Streams Messaging cluster layout
The Data Hub service includes three default Streams Messaging cluster definitions. These are the Streams Messaging: Light Duty, Streams Messaging: Heavy Duty cluster, and Streams Messaging: High Availability definitions. Learn about the layout, capacity, and components of these definitions.
Streams Messaging: Light Duty cluster layout
Learn about the layout, capacity, and components of the Streams Messaging: Light Duty cluster definition.
You can use a Streams Messaging: Light Duty cluster definition in development, testing, or proof of concept scenarios. Light Duty clusters include the following nodes and components (services):
Non-default nodes and scaling
Broker and KRaft nodes are not provisioned by default. You have the option to manually set how many of these nodes are created when provisioning the cluster. After the cluster is provisioned, the number of Broker and KRaft nodes can be changed by scaling your cluster. For more information about scaling KRaft and Broker Nodes, see Scaling Streams Messaging Clusters.
KRaft and Zookeeper
By default, Kafka uses Zookeeper as its metadata store. If you provision KRaft nodes in the cluster, Kafka runs in KRaft mode and uses KRaft as its metadata store. In this case, ZooKeeper instances are still provisioned. However, ZooKeeper is not used by Kafka to store and manage metadata. If required, ZooKeeper can be removed from the cluster after the provisioning is finished. ZooKeeper can be removed in Cloudera Manager. For more information, see Deleting ZooKeeper from Streams Messaging clusters
You can only provision an odd number of KRaft nodes. This is required so that KRaft can hold a majority election for leadership. While it is possible to run Kafka in KRaft mode with a single KRaft node, Cloudera recommends that you provision a minimum of three to avoid having a single point of failure. Cluster provisioning fails if an even number of KRaft nodes are provisioned.

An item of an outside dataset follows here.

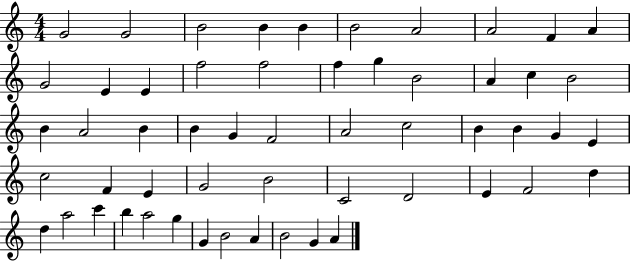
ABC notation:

Broker and Core Broker volume per instance count
By default, the volume per instance count for Broker and Core Broker nodes is identical. If you customize your cluster during provisioning, Cloudera recommends that Attached Volume per Instances is set to the same value for both node types. Alternatively, if you want to provision a cluster where the number of volumes is not identical, ensure that you complete Configure data directories for clusters with custom disk configurations after the cluster is provisioned. Otherwise, Kafka does not utilize all available volumes. Additionally, scaling the cluster might not be possible.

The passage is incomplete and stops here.